The current study has provided provisional support for the benefits of blending mindfulness, behavioral skills, and imagery-enhancement within a parenting intervention. A larger sample is needed to replicate these findings, to better understand mechanisms of change, and to contribute to the literature regarding differential MPP outcomes across parents from varying sociodemographic groups (e.g., low income, one-parent families, fathers). If the large effect sizes are reproduced, a randomised trial is recommended to establish efficacy under controlled conditions, and preferably across a range of treatment settings with comparison to an active control group.
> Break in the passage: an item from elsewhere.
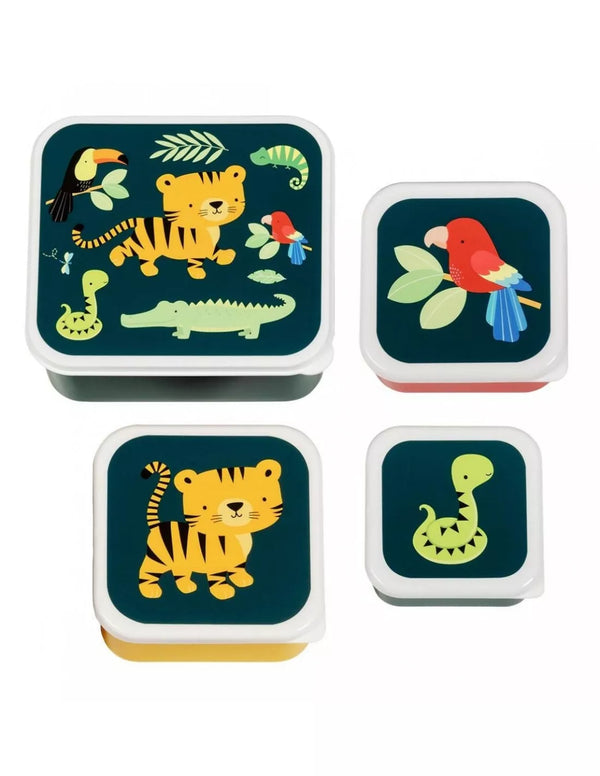 Pack of 4 Snack and Lunch Boxes - Tiger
Qualitative interviews at 6–12 months post-intervention could provide rich information about the parents’ experience of CCCK components, and the extent to which CCCK imagery and metaphors enhanced parents’ understanding, recall, and continued use of parenting strategies, including in moments of high stress. Qualitative data could also helpfully reveal mechanisms of change. The recent shift to online provision of services in response to COVID-19 provides an opportunity to test the effectiveness of online CCCK (Cluver et al., 2020).

Troubled families need accessible, engaging, and effective interventions. CCCK represents a new parenting intervention that benefits from the potent blend of mindfulness, behavioral skills, and imagery-enhancement.